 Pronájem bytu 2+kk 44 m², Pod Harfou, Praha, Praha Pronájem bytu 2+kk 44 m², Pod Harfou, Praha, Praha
==========
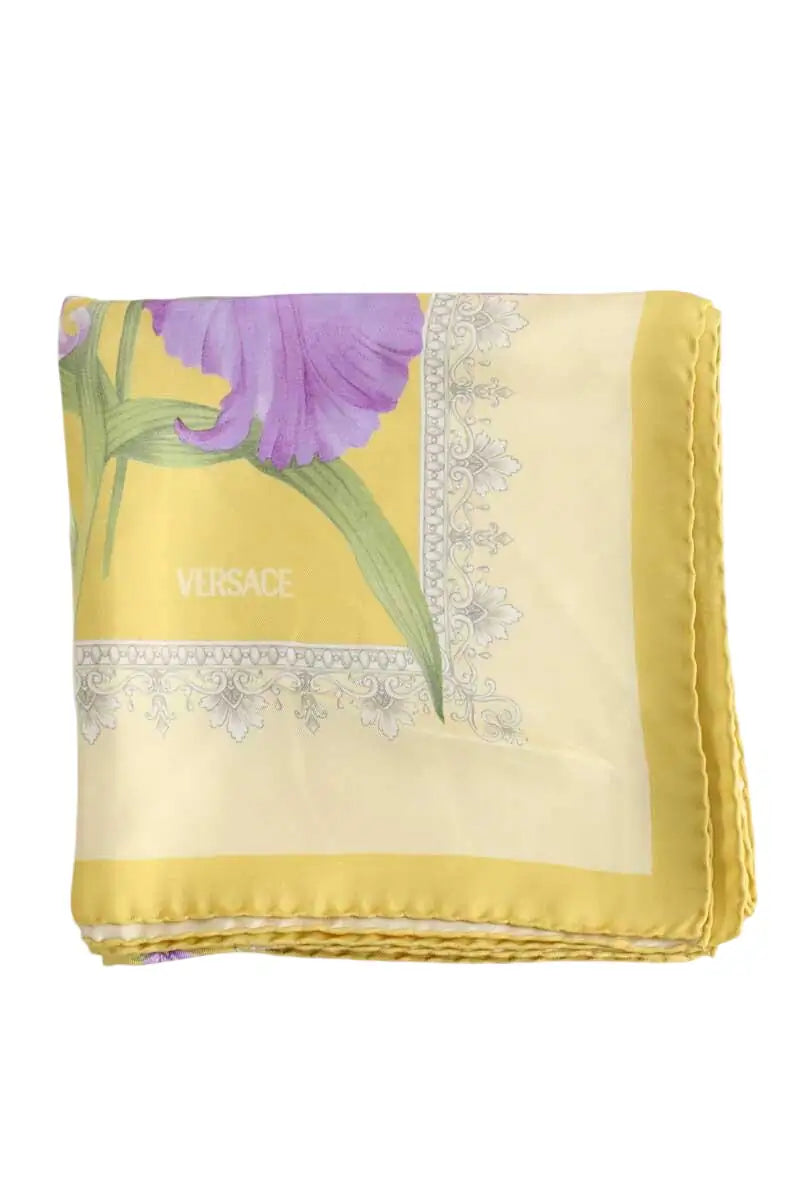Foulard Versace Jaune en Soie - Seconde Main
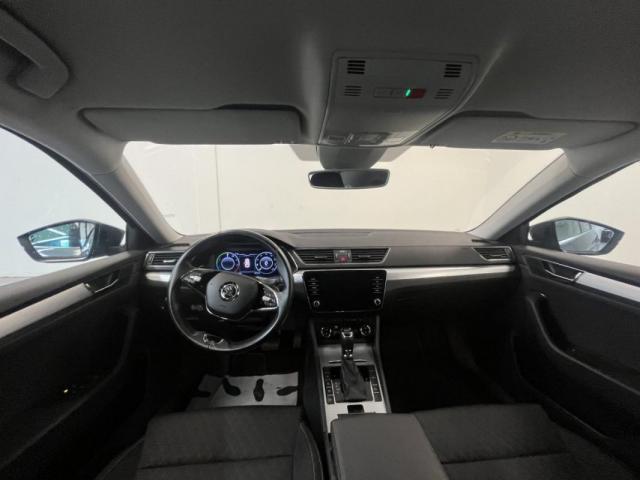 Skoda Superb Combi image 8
==========
__EXERCISE PROMPT__: Return exactly the lines that appear in the data above between the line containing "Foulard Versace Jaune en Soie - Seconde Main" and the line containing "Skoda Superb Combi image 8", both of which are included, and leave the pictures out.

__OUTPUT OF THE EXERCISE__:
Foulard Versace Jaune en Soie - Seconde Main
 Skoda Superb Combi image 8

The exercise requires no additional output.